As we get more experience with Trunk.ly, we’ve reached the conclusion that our user experience is very poor at the moment. We don’t really need more features, what we need to do is to make the features we DO have more discoverable and easier for people to access. The challenge here is that implementing a functional feature quickly is generally easy, taking that same feature and delivering an excellent user experience is much harder and far more time consuming (yet it’s becoming more critical).

We’re here for the long haul

Stubborn, stupid, determined, call it what you will — we will be here this time next year and beyond. In addition to the code debt problem described above — we want to spend time now to avoid hurting ourselves later, we also spend a little bit more time on self-management (ie. taking time off on weekends). You just can’t keep up the break neck pace every single day without huge personal and family cost. So the longer we’re in the game, the more careful we are about making sure we take breaks to avoid burn out.

Release management and “done” inflation

One thing we’ve got to get better at is release management. We tend to want to hold features until they’re “done”. The problem is because of all the above, the value of “done” keeps increasing. It’s harder and harder to cross that threshold. Compounding this is that we still think to much in a feature centric way — we (generally) want to only release a working “whole” (which would include the backend through to the frontend etc.). The problem is that it keeps you from releasing — we need to be better disciplined at smaller, more frequent releases.

Production maintenance

As the site matures and the user base grows, we hit more and more production issues that need to be resolved with maintenance. This requires time to resolve, either in “doing it” or “automating it”. Even with automation, as the size of the database and amount of automation grows, time is required to check and ensure it’s all running smoothly.

Lessons learnt

I know for sure that recognising something is the first step to tackling the problem.
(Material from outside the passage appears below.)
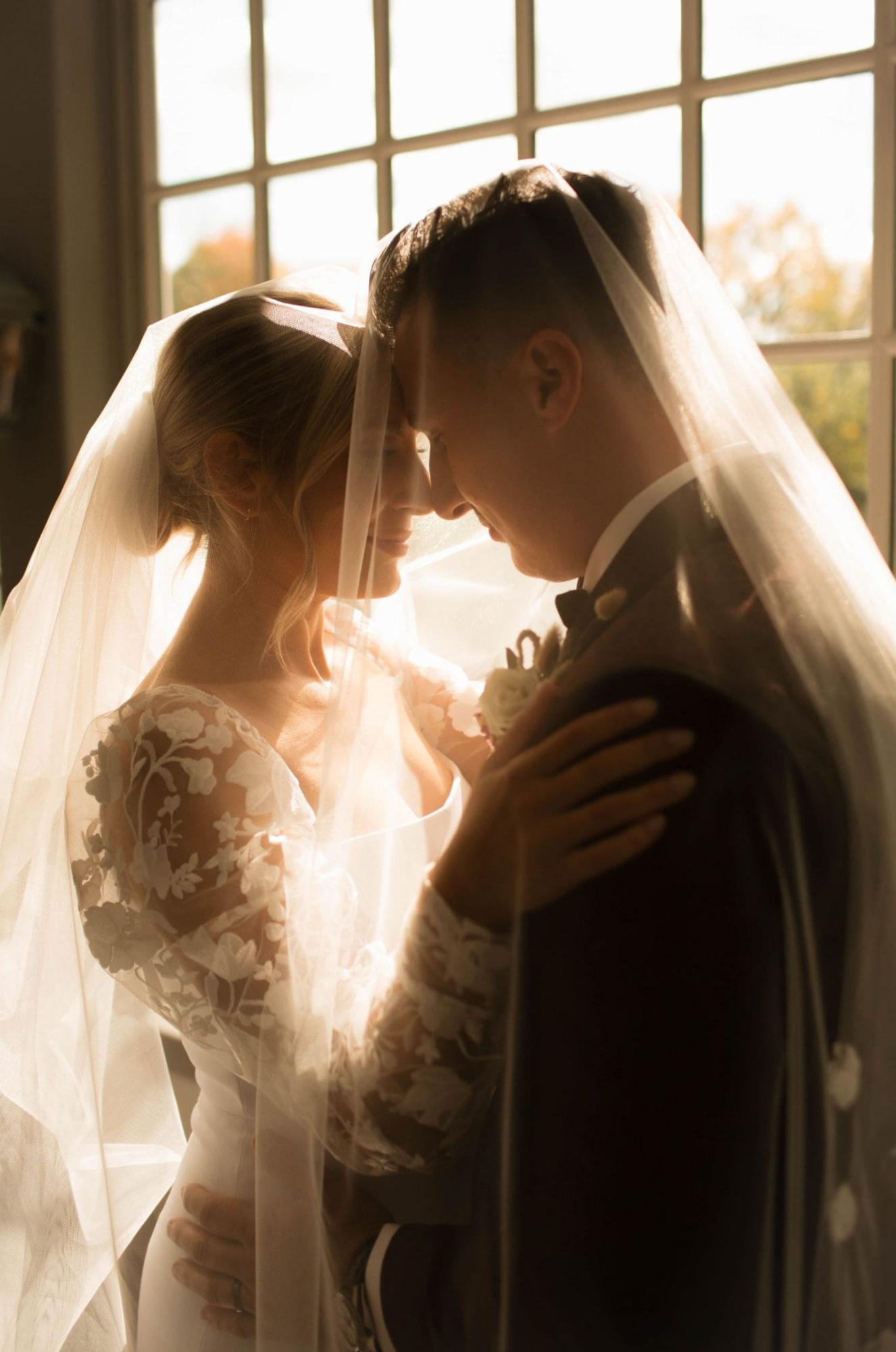 Guelph Wedding Photographer Alexis Mimacho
Some of it is unavoidable, some will get easier with resources for whom this is a core skill. For example, I suspect that one reason we struggle with the user experience components is that it’s not what we are really good at (which is different from can we do it).

Some of these we just need to tackle head on. We need to improve our release discipline. We need to ask the hard questions — has the recent bad experience made us release “gun shy”; maybe we need to reduce the emphasis on test coverage for now — we’re better than we were, do we need to be perfect? I’ve never heard of a startup getting funded because they had a perfect test suite, and no startup I even heard of failed because their test coverage was not 100%.

As complexity and scope of the tasks increase it’s inevitable with no change in resources that things get harder and take longer. What do you do to manage this? Where are the logical short-cuts that have to be taken? Love to hear your thoughts.